Непрерывный струйный разряд ударил по камню, и мелкие черные брызги посыпались вниз. И тут случилось то, чего Генрих надеялся избежать, — острый осколок полоснул по ткани, укрывавшей лицо поллиота, и рассек ее. Импровизированное покрывало распалось надвое, и там, под градом черных осколков, Генрих увидел собственное лицо.
В неглубокой каменной могиле лежал не просто человек — это был Генрих Кальварский.
Десинтор в разом оцепеневших руках продолжал биться мелкой бешеной дрожью, посылая вверх сокрушительный разряд. Под его струёй вниз сыпалась уже не щебенка — черные базальтовые глыбы со свистом рассекали воздух и внизу дробились с легкостью и звоном плавленого хрусталя. Над могилой уже вырос трехметровый холм, а Генрих все еще не мог заставить себя шевельнуться. Лицо, открывшееся ему всего на несколько секунд, было погребено — и стояло перед ним. Он даже не пытался внушить себе, что это обман зрения или плод больной фантазии, порожденный тропическим пеклом нескончаемого, проклятого дня. Он знал, что это правда, и уверенность его подкреплялась и необычной могилой на другом конце озера, и этими надписями, оставленными прежними обитателями курортного домика.
Не охоться! Говорили же тебе — не охоться! А ты все-таки сделал по-своему. Вынужденно? Тоже мне оправдание. Убийство есть убийство. Может, ты скажешь, что рана на теле поллиота — дело рук твоей жены? И что вообще в эту пропасть он сорвался без твоей помощи?

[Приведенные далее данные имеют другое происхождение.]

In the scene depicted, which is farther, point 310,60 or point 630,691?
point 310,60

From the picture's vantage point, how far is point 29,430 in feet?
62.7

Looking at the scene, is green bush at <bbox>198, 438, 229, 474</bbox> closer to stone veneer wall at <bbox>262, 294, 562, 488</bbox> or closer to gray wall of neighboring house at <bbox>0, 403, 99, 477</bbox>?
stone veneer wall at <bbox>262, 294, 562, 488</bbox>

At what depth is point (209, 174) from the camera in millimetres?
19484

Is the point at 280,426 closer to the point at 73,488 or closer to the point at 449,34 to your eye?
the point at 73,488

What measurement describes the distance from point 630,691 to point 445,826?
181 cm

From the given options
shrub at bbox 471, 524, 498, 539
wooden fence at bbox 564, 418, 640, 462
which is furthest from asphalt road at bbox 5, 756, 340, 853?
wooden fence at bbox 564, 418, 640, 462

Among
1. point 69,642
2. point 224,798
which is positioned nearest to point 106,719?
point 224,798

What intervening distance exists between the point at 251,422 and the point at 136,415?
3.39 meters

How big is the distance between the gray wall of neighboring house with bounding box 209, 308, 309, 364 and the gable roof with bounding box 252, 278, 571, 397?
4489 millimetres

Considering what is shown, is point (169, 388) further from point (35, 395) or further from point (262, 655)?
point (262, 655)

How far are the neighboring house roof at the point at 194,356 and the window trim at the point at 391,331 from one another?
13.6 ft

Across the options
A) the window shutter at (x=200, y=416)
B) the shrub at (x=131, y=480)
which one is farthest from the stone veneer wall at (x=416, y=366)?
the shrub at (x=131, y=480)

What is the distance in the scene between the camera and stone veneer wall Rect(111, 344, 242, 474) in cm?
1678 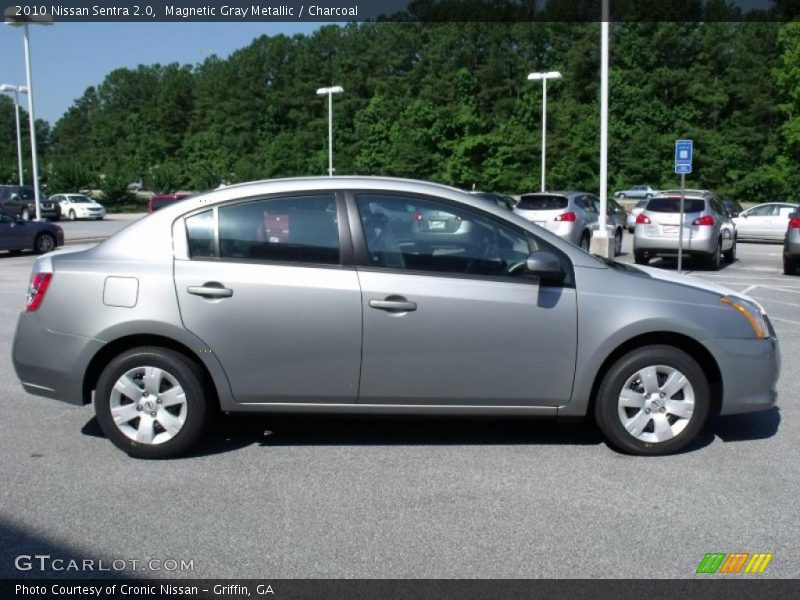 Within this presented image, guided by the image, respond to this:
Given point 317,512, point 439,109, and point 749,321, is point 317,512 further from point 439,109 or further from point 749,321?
point 439,109

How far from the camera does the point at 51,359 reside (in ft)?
18.4

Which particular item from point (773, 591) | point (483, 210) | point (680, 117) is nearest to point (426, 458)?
point (483, 210)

Но там, под камнями, твое лицо. Твое.
Он вдруг поймал себя на том, что разговаривает с собой как бы со стороны. С чьей стороны?
Наверное, со стороны мира Поллиолы.
Он опустил десинтор, и каменный дождь прекратился. Волоча ноги, Генрих подошел к свежему кургану, перекалибровал десинтор на узкий луч и, отыскав самый крупный обломок, выжег на его полированной поверхности:
Больше здесь ему делать было нечего. Он доплелся до вертолета, зашвырнул в кабину десинтор и забрался сам.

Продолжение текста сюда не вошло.